Saved data entries:
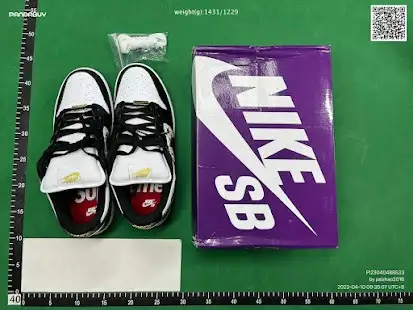 Nike SB Dunk Low Supreme Stars Black QC photo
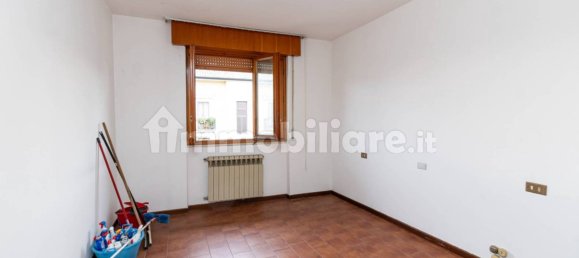 6 bedrooms Villa in Rodano, Italy No. 209328 24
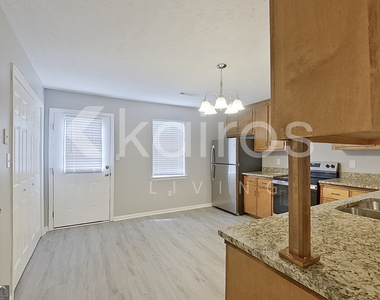 160 Deer Parkway - Photo Thumbnail 6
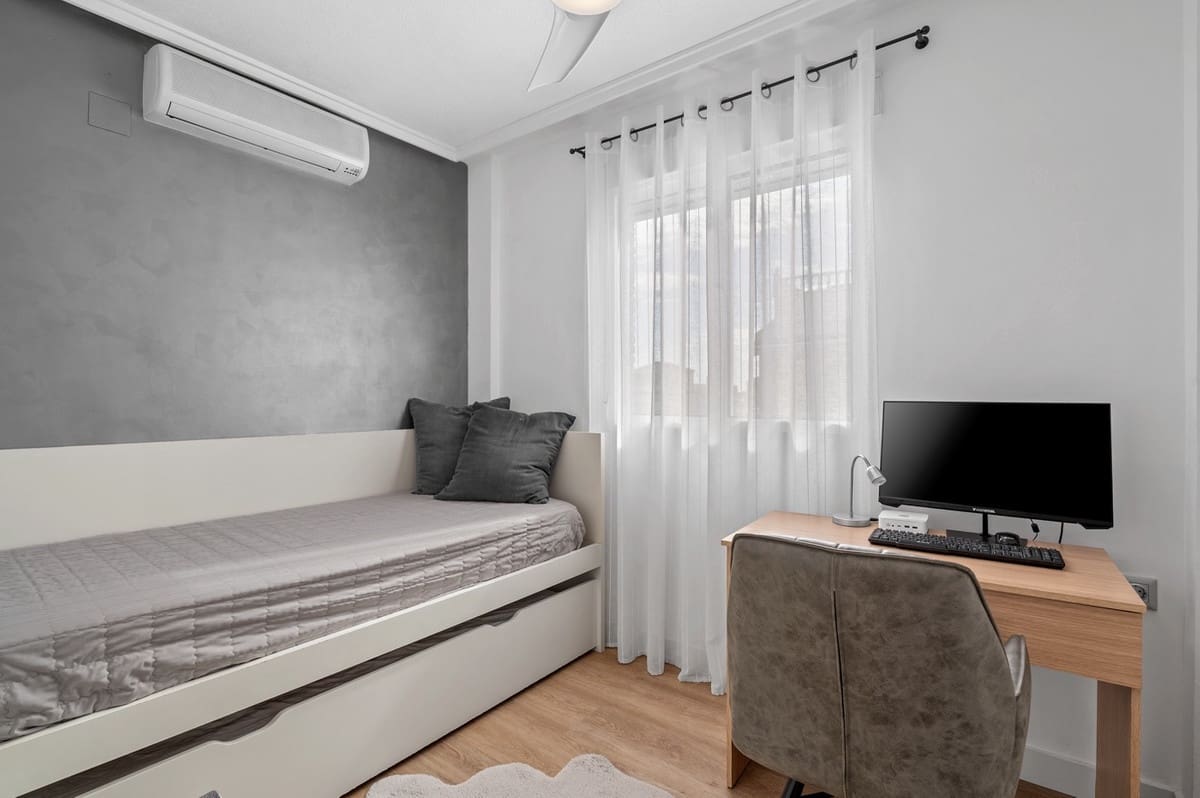 5 bedroom Apartment for sale in Rojales with pool - € 276,000 (Ref: 9601509)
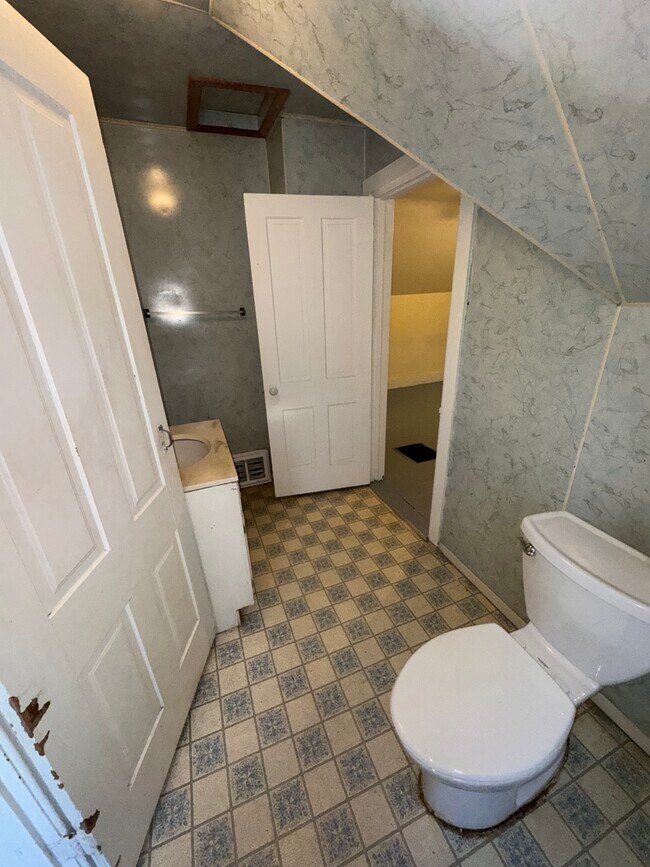 Building Photo - 420 W College St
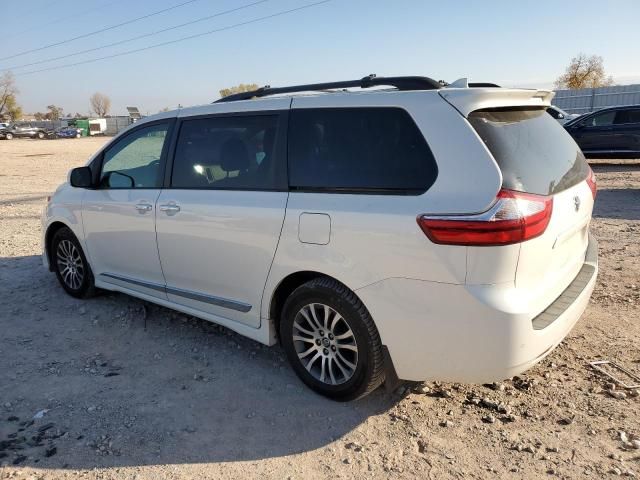 2018 Toyota Sienna XLE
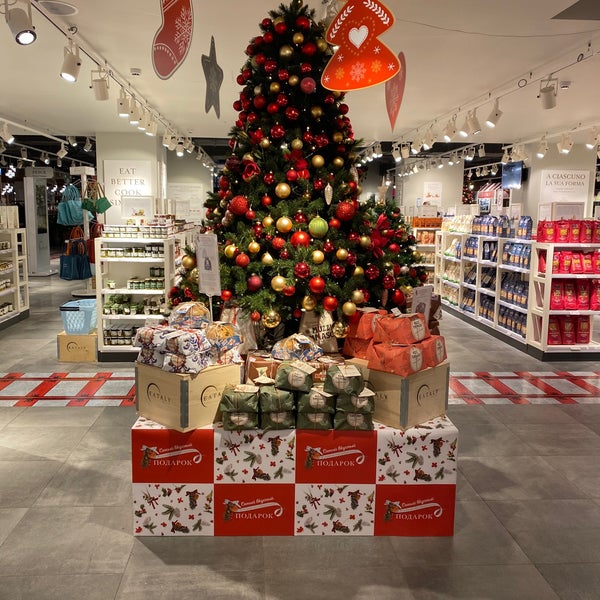 Photo taken at Eataly by Pavel G. on 12/21/2019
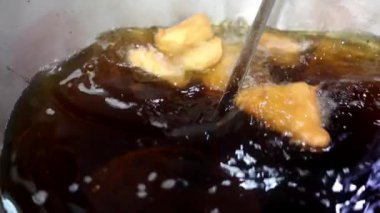 Kızarmış sebzeleri kızartarak Hint usulü börek ya da ekmek pakoda yapmak. Sıcak yağ kadhai içinde marine edilmiş ekmek..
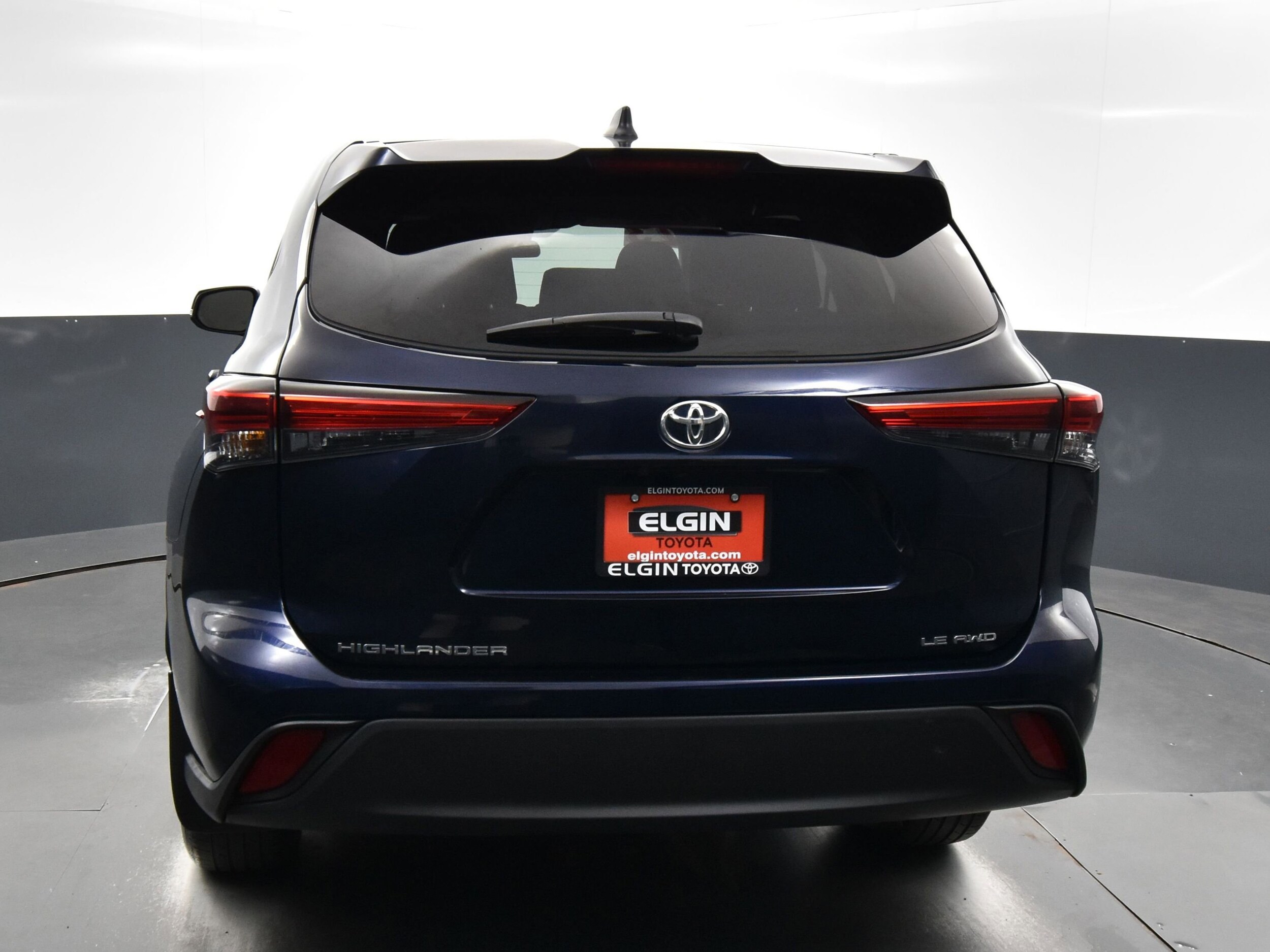 2023 Toyota Highlander LE photo 4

• _WHAT TO DO_
Retype only the lines from the line with "160 Deer Parkway - Photo Thumbnail 6" through the last line of the data. Keep both ends and skip the pictures.

• _OUTPUT BELOW_
 160 Deer Parkway - Photo Thumbnail 6
 5 bedroom Apartment for sale in Rojales with pool - € 276,000 (Ref: 9601509)
 Building Photo - 420 W College St
 2018 Toyota Sienna XLE
 Photo taken at Eataly by Pavel G. on 12/21/2019
 Kızarmış sebzeleri kızartarak Hint usulü börek ya da ekmek pakoda yapmak. Sıcak yağ kadhai içinde marine edilmiş ekmek..
 2023 Toyota Highlander LE photo 4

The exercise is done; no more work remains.